In 840, the mayor always wins. The machine keeps humming. The tenders keep flowing. But the film exists. Someone made it. Someone watched it. Someone wrote about it. And that, perhaps, is where the next story begins.

Apr 13, 2026 - 14:07
Apr 13, 2026 - 15:30
A User's Guide to the Un-Governed: The Bangladesh Lexicon
Photo Credit: Shutterstock
There is a moment in every Bangladeshi citizen's week when they stare at the road and think: There must be a word for this.
 
Not just "traffic jam." Not just "corruption." But a specific word for the way the public tender is written so precisely that only the contractor with the worst reputation can win. A word for the way a preventable catastrophe is met with a "crackdown" that vanishes the moment the camera crews pack up and drive home.
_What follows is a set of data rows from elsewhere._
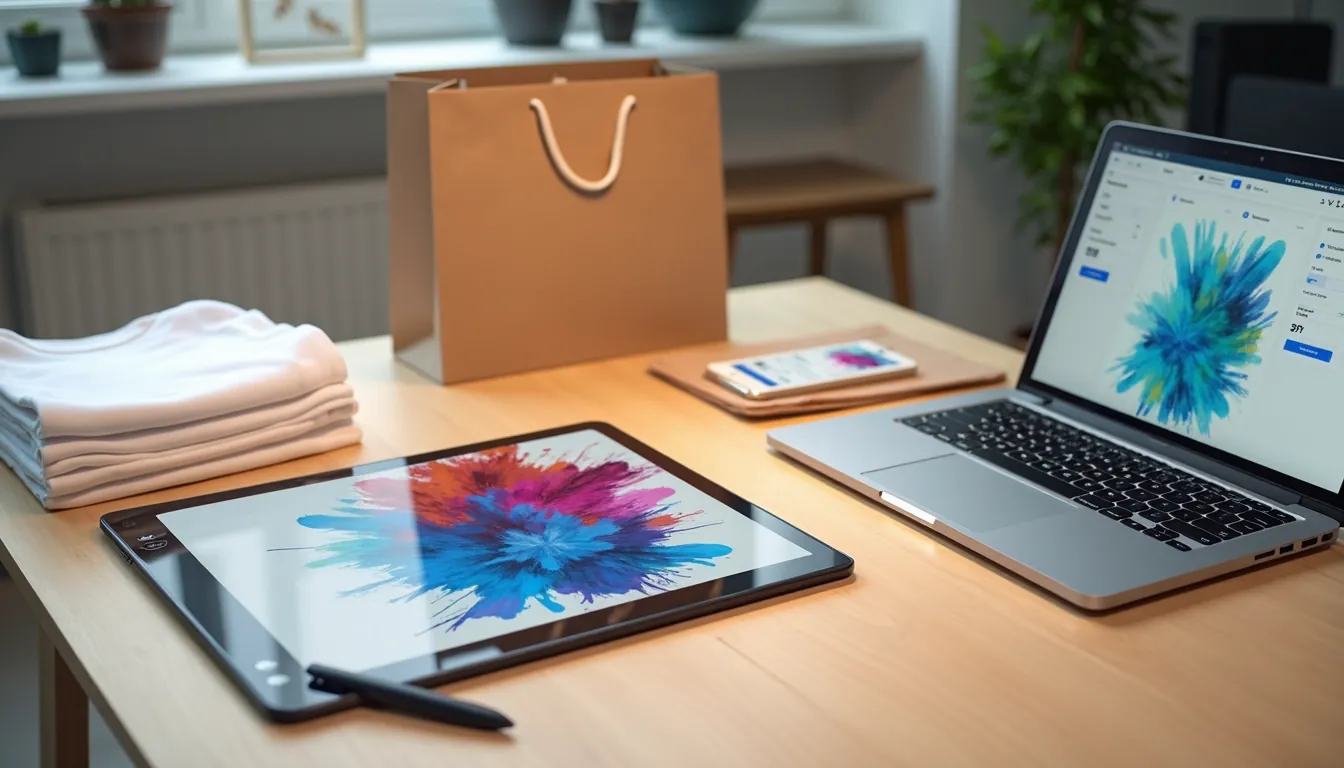 Print on Demand vs Dropshipping for Artists: Tools, Costs & Setup Explained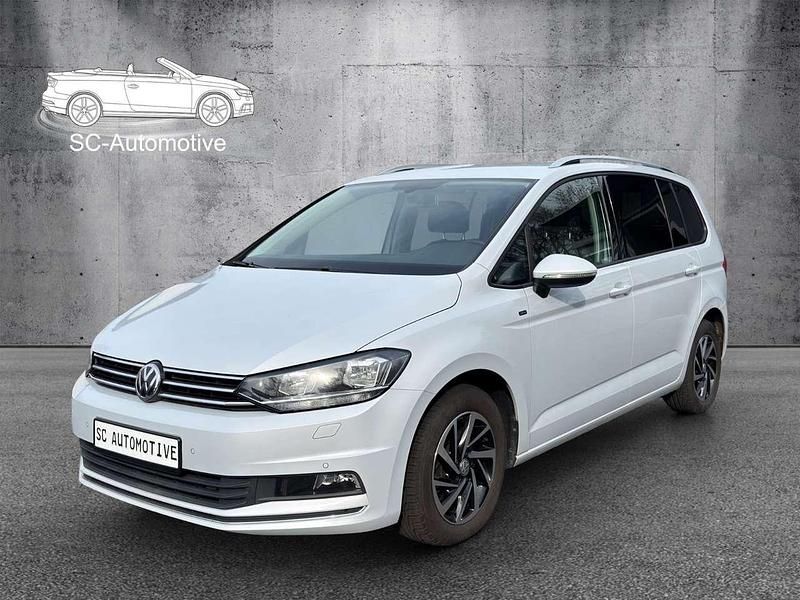 Gebraucht VW Touran Join 150 PS (110 kW) 2018 Silber Van / Kleinbus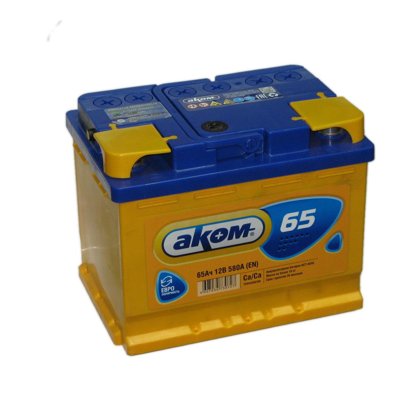 Аккумулятор Аком 65A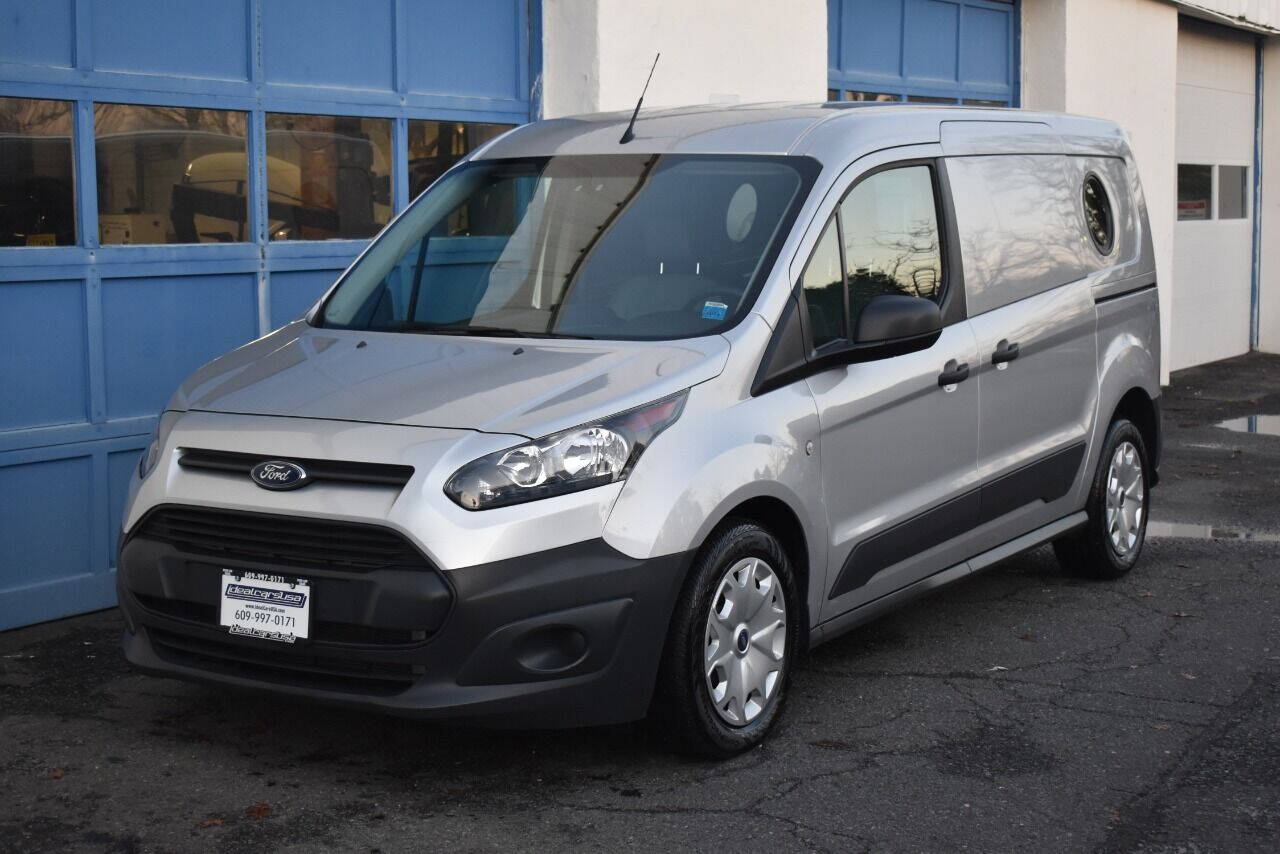 Ford transit connect lwb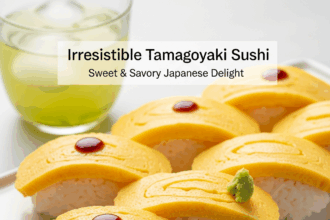 Tamagoyaki Sushi: The Sweet Art of Japan's Egg Delight
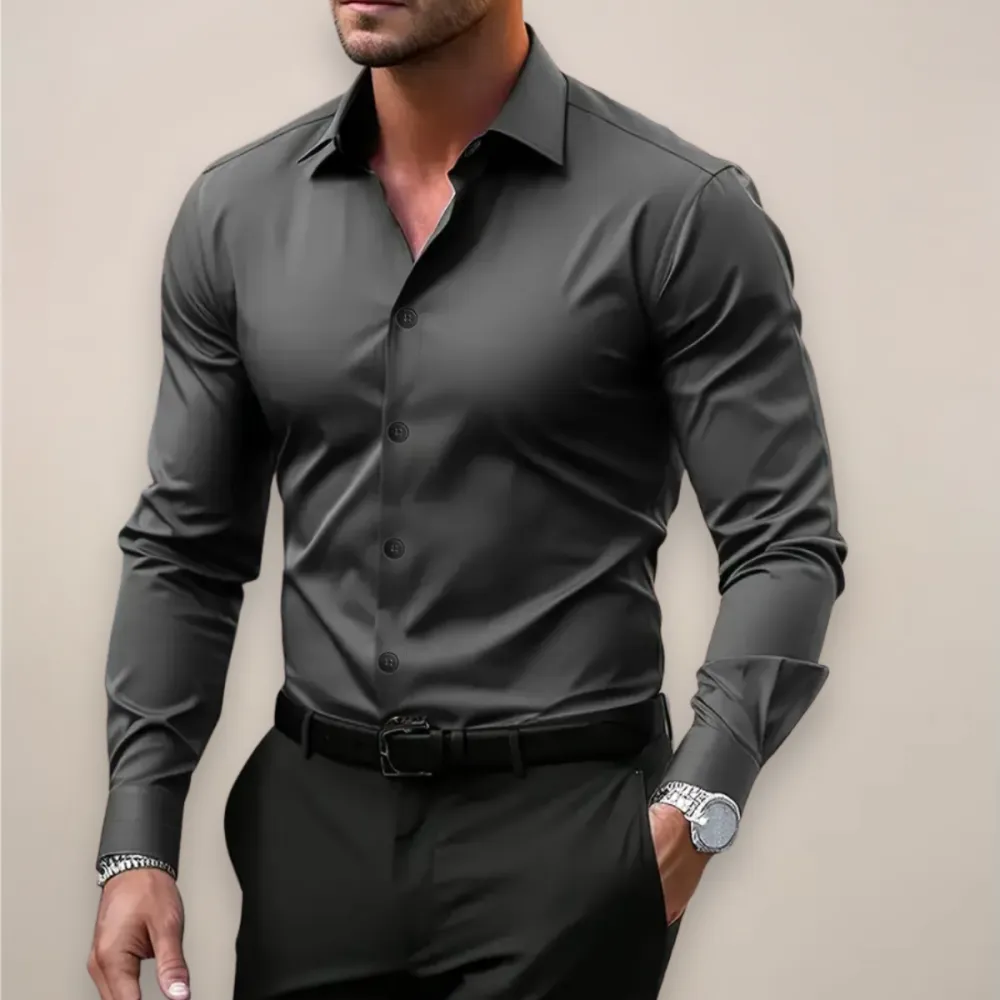 Classic Everyday Long Sleeve Shirt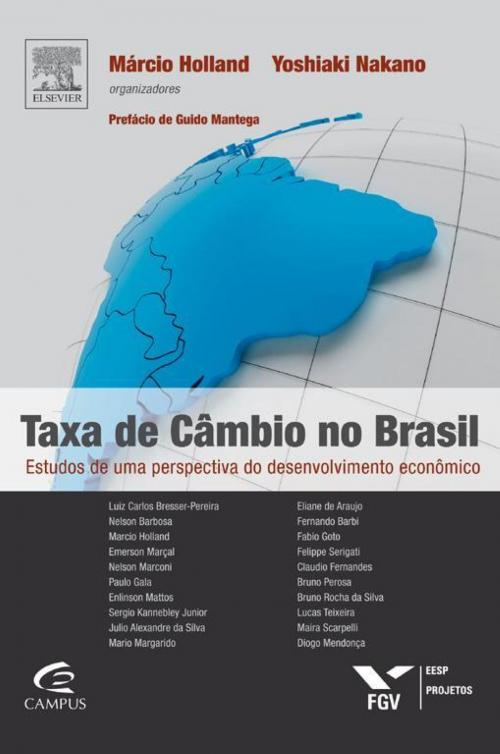 Cover of the book Taxa de câmbio no Brasil by MARCIO BRITO, Elsevier Editora Ltda.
A word for the hollow exhaustion you feel when another building collapses and you know, with the bone-deep certainty of someone who has seen this film too many times, that nothing will change except the date on the newspaper.
 
We lack this vocabulary. And because we lack it, we are condemned to mistake the performance of governance for the substance of it. We call what happens here "politics," but it is often something closer to a long-running theatre production with a very predictable script. Transparency International tells us we rank 13th among the world's most corrupt countries, scoring a dismal 24 out of 100 -- well below the global average of 42.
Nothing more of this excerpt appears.